DATA EXCERPT >>
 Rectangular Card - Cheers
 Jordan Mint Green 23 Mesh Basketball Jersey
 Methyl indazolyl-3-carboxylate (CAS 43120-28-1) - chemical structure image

AIM OF THE TASK >>
Give the listing again in its entirety, exactly as written.

WRITTEN RESPONSE >>
 Rectangular Card - Cheers
 Jordan Mint Green 23 Mesh Basketball Jersey
 Methyl indazolyl-3-carboxylate (CAS 43120-28-1) - chemical structure image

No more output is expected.